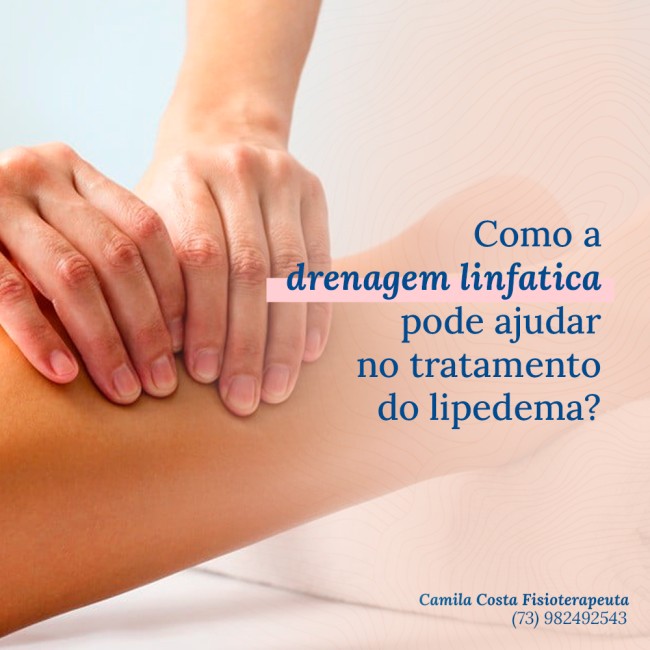 Drenagem Linfática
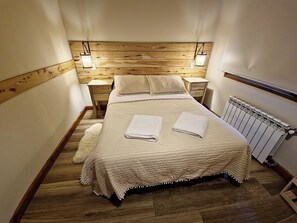 2 soveværelser, Wi-Fi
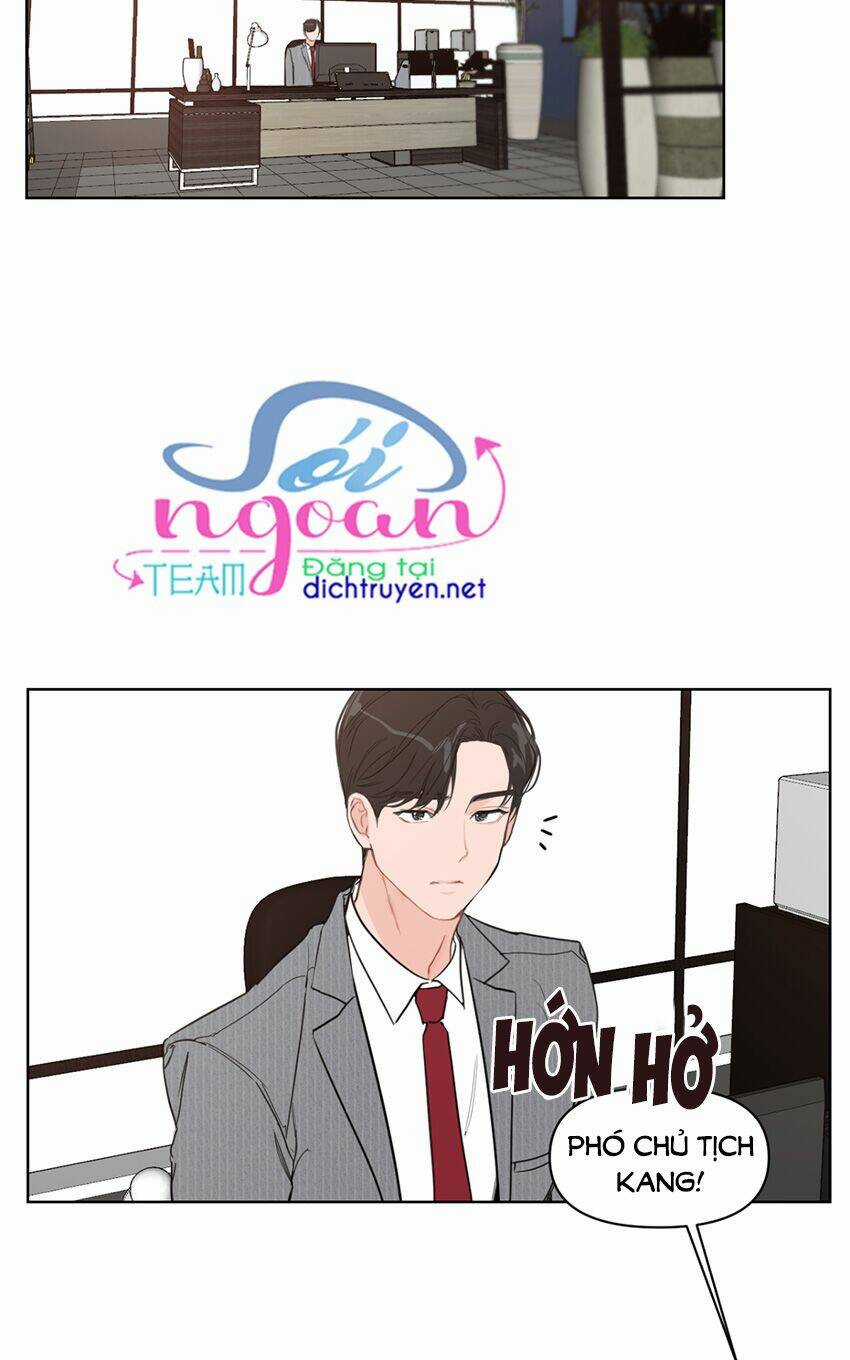 Baby Đến Rồi! Chapter 5 trang 35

**What you need to do**
The whole listing is to be duplicated verbatim, apart from its images.

**Expected output**
 Drenagem Linfática
 2 soveværelser, Wi-Fi
 Baby Đến Rồi! Chapter 5 trang 35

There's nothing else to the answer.